#### Exercise:
Please repeat the records beneath this task exactly as they appear, but skip the images.

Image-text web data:
--- START ---

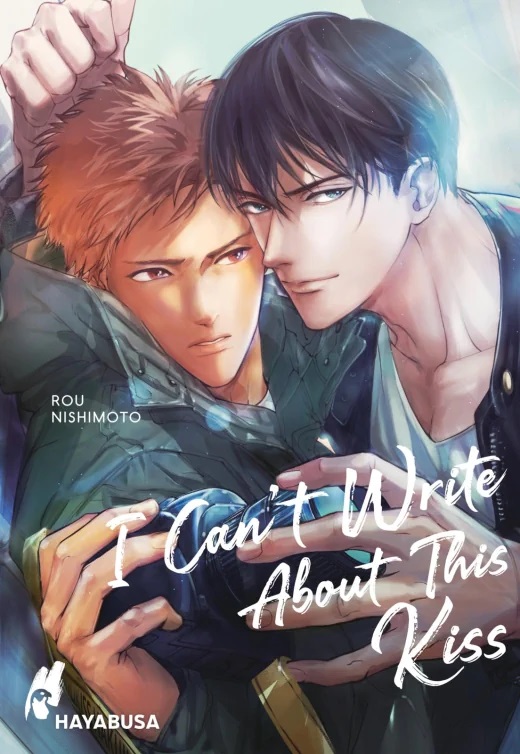 I Can't Write About This Kiss (Einzelband)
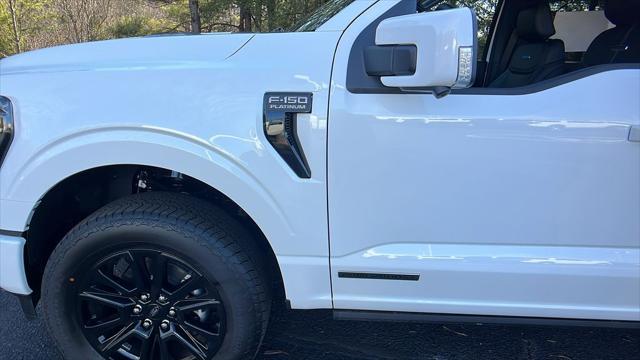 new 2025 Ford F-150 car, priced at $79,770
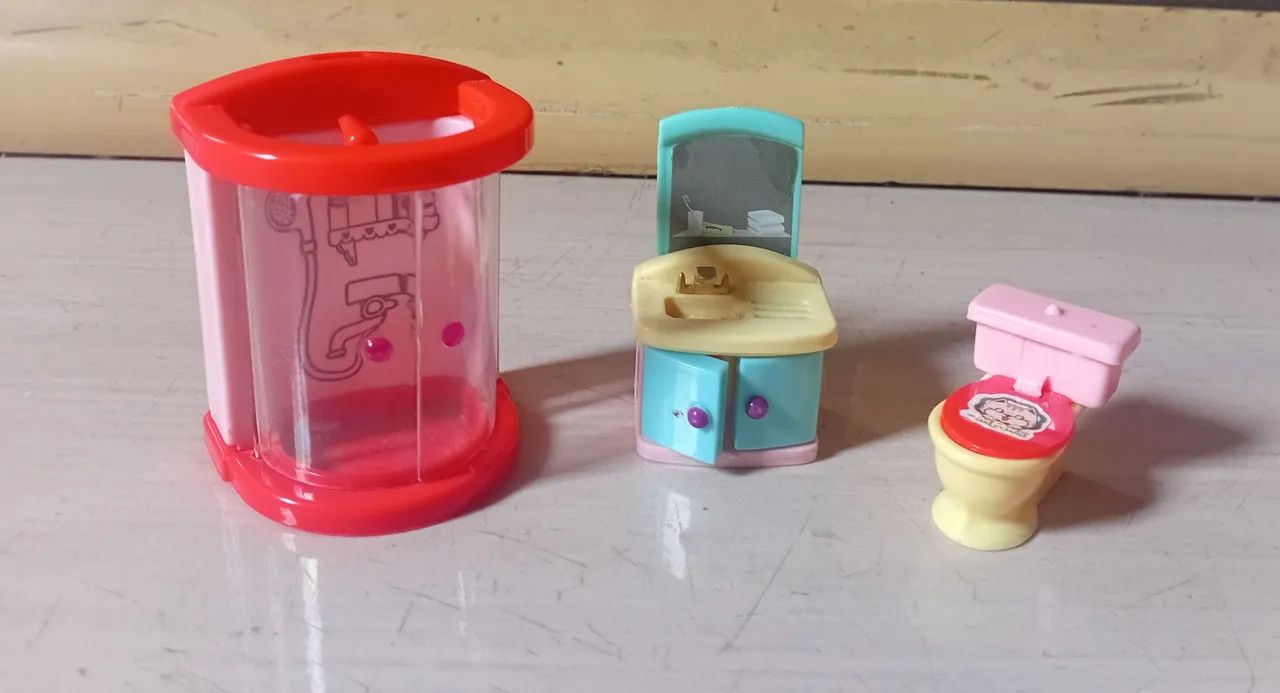 Coleção miniatura de móveis da Mr.Manx - Foto 4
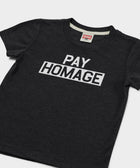 PAY HOMAGE Youth Tee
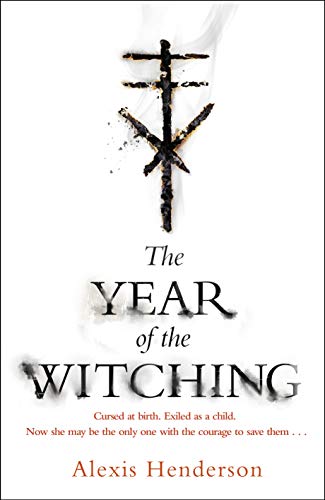 Stock image for The Year of the Witching for sale by WorldofBooks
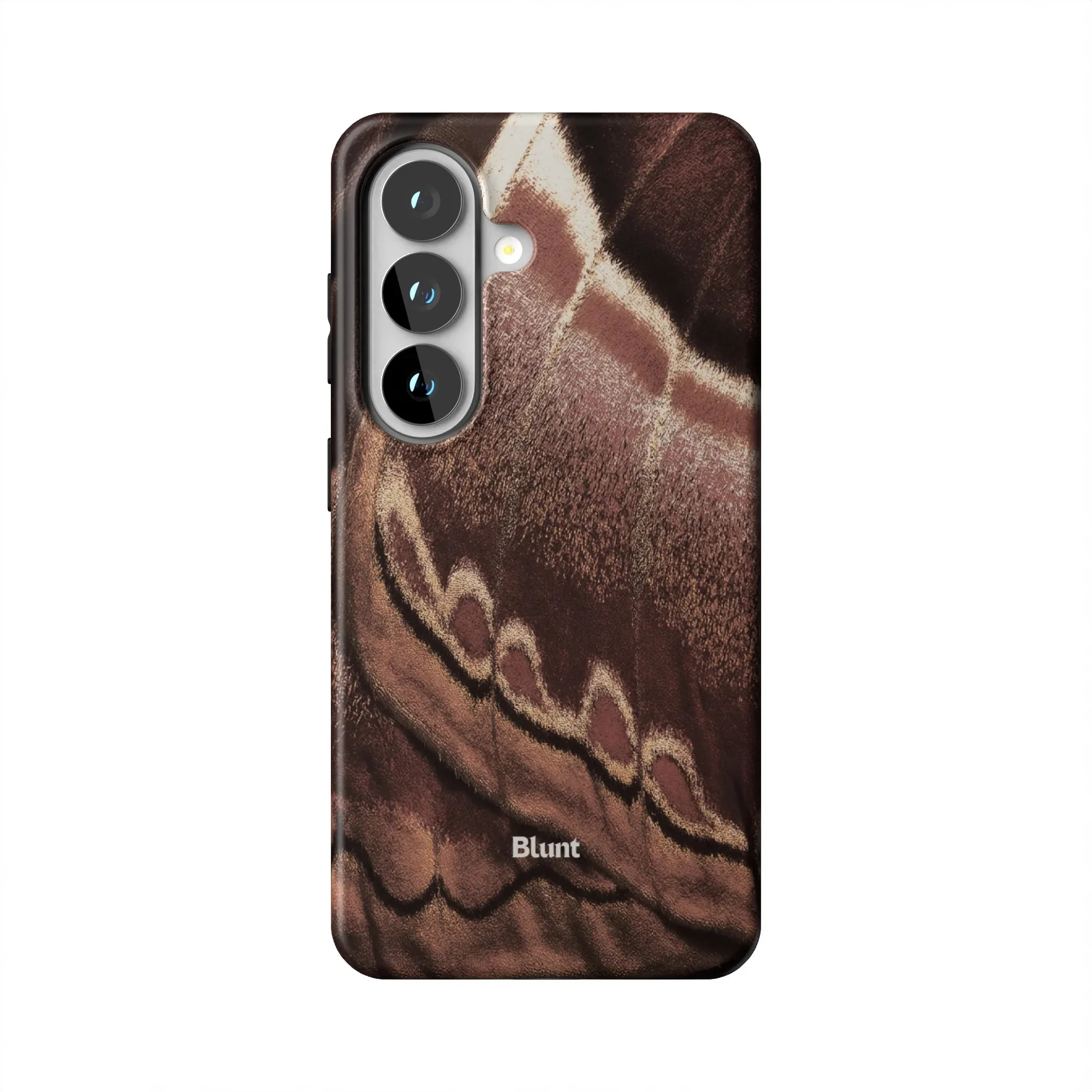 Brown Raya Samsung Phone Case - Image 2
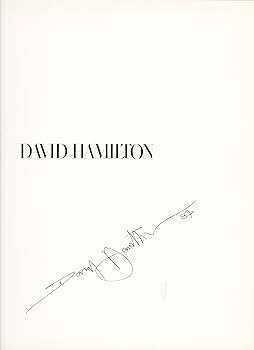 Amazon.co.jp: Jardin secret de David Hamilton : 本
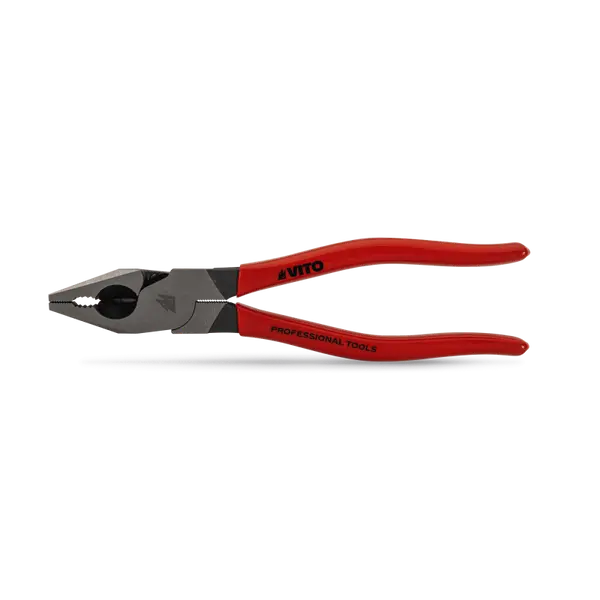 Pince universelle acier chrome vanadium PVC 225 mm VITO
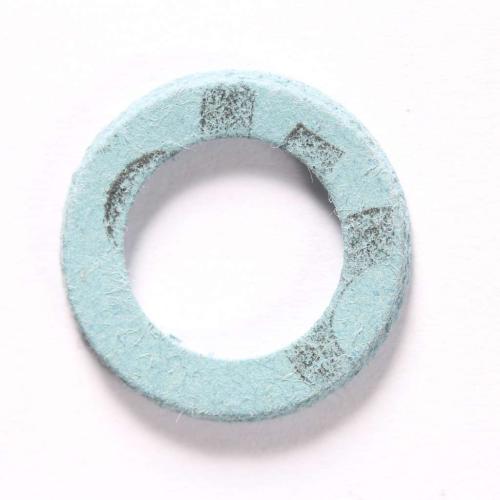 This is a genuine Bertazzoni 411044 RUBBER FOR PIPE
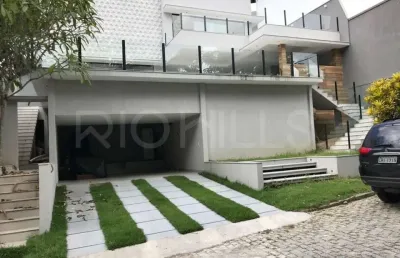 Casa em condomínio fechado com 5 quartos à venda na Estrada Caetano Monteiro, Pendotiba, Niterói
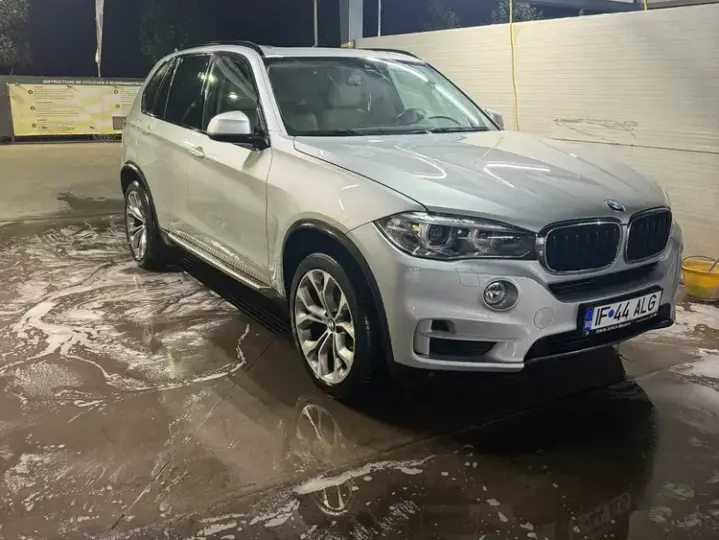BMW X5 xDrive25d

--- END ---

#### Response area:
 I Can't Write About This Kiss (Einzelband)
 new 2025 Ford F-150 car, priced at $79,770
 Coleção miniatura de móveis da Mr.Manx - Foto 4
 PAY HOMAGE Youth Tee
 Stock image for The Year of the Witching for sale by WorldofBooks
 Brown Raya Samsung Phone Case - Image 2
 Amazon.co.jp: Jardin secret de David Hamilton : 本
 Pince universelle acier chrome vanadium PVC 225 mm VITO
 This is a genuine Bertazzoni 411044 RUBBER FOR PIPE
 Casa em condomínio fechado com 5 quartos à venda na Estrada Caetano Monteiro, Pendotiba, Niterói
BMW X5 xDrive25d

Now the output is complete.